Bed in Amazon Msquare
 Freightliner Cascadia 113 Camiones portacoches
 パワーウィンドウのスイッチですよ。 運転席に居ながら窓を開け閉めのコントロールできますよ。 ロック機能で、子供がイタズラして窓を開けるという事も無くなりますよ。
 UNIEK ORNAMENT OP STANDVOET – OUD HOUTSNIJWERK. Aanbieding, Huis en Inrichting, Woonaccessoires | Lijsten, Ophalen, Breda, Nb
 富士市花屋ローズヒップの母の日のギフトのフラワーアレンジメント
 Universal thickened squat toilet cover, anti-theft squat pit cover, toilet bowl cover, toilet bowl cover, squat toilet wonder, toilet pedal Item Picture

Task prompt: Retype word for word the lines running from the line containing "UNIEK ORNAMENT OP" to the end of the listing, and only those.

Task output:
 UNIEK ORNAMENT OP STANDVOET – OUD HOUTSNIJWERK. Aanbieding, Huis en Inrichting, Woonaccessoires | Lijsten, Ophalen, Breda, Nb
 富士市花屋ローズヒップの母の日のギフトのフラワーアレンジメント
 Universal thickened squat toilet cover, anti-theft squat pit cover, toilet bowl cover, toilet bowl cover, squat toilet wonder, toilet pedal Item Picture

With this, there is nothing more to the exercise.